To talk about Wednesday night's performance of Verdi's "Otello" at Wolf Trap is to discuss the three Vs: Verdi, Vickers and Levine.

It was an evening in which the over-powering spirit of Verdi's greatest opera surged through the huge audience gathered to hear it. All of the major points of this miracle of the composer's old age were well underscored, and many of the minor ones as well.

That this could happen was due to the elemental force with which Jon Vickers dominated the stage as he moved throuhg the grand part. It is hard to think of any singer or actor in any theater today more convincing or more fully the embodiment of so vast a role.

The audience mistakenly applauded Vickers at his entrance, which obliterated his first victorious outburst, "Esultate!" The audience was, however, notably in tune with other wonders of the opera and held its applause at the end of Act One until the last note on the harp had died away.

Vickers is a titan. Every sound he uttered, every gesture conveyed the man's early ardent love, and then the fatal jealousy upon which Iago's corrosive suggestions built the suspicion that eventually brings about Otello's ruin and Desdemona's death. The magnificent Canadian tenor's voice is a glorious instrument, serving his ends, which are totally those of Verdi, in a manner few have commanded. His return in Act One was terrifying, his tenderness toward his wife as lovely at first as his brutality toward her later was merciless.

Not every generation has been fortunate enough to hear such an Otello. With his far more flexible voice, Vickers recalled the grandeur of Martinelli in some of the most affecting moments in the opera.

James Levine, the Metropolitan's music director, loves Verdi's operas more than any others, an opinion for which he cannot be faulted.

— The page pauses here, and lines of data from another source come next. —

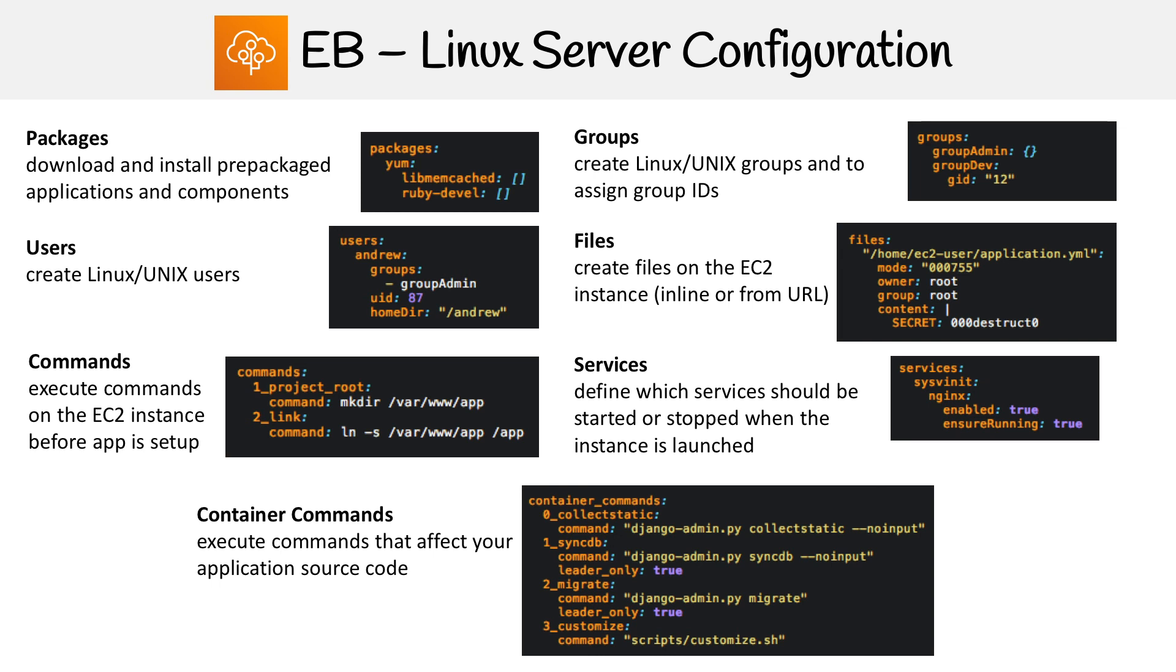For Windows, you're going to have similar ones. You'll have container commands, commands, probably something for packages and files. So it's more or less similar. It's just as long as you conceptually understand the things you can set at the server level.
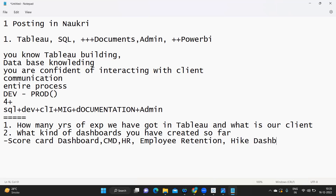When the interviewer asks about your dashboards, don't be silent. Mention a dashboard name — say, a hike dashboard — and the interviewer will become curious and ask follow-up questions. My intention is for you to control the interview: make the interviewer ask only questions you know the answers to. Take them in your direction and make them connect with what you're saying.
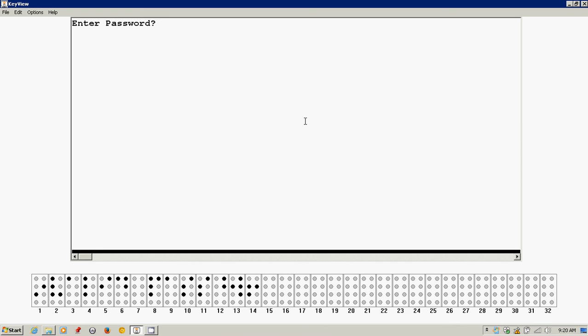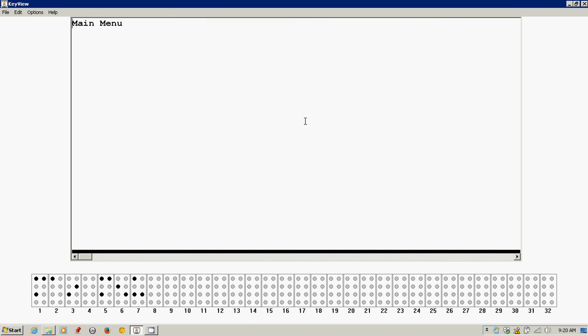So now I'll type in the correct password, T-E-S-T-I-N-G. Exit. Main menu. And now I'm right back at the main menu, just as I was using my APEX normally.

In "Otello," he brought the great wrenching surges of power that smash through the first three acts. Both chorus and orchestra, at their peak for Levine, sang and played with beauty and finesse. Though he nearly always found an ideal tempo, Levine tended to rush episodes in the ensemble in Act Three. But he projected the spirit of the work in admirable fashion.

Cornell MacNeil knows Iago thoroughly but there are subtleties, both vocal and dramatic, that he passed over, partly because his voiced is no longer able to provide the power or the finesse for the role. He cannot efface memories of a Tibbett, Warren, or Gobbi, men who were the quintessence of evil onstage.

Gilda Cruz-Romo's Desdemona was a disappointment. While she can produce some lovely soft notes, her voice did not move evenly or easily in louder moments, and her singing lacked any touch of real greatness. The more crucial the phrase, the less she delivered.

The smaller roles were uneven. James Morris was a fine, resonant Lodovico and Robert Goodloe a welcome Montano. But Andrea Velis neither looked nor sounded right as Roderigo, Frank Little's voice made Cassio unpleasantly nasal. Jean Kraft, overbusy in the staging of Act Two, was sufficient as Emilia, and Arthur Thompson a notable herald.

The sets and direction of Franco Zeffirelli had strong and weak points. Act Two is simply a designer thumbing his nose at Verdi, who, however, knew better. There was no suggestion of a garden, no proper place for Cassio to talk with Desdemona. And where was the children's chorus? At home, as they were on Monday night.

Acts One, Three, and Four, however, looked well enough, thouhg far from ideal. But nothing prevented Verdi, Vickers, and Levine from presenting some of opera's greatest music as it deserves to be heard.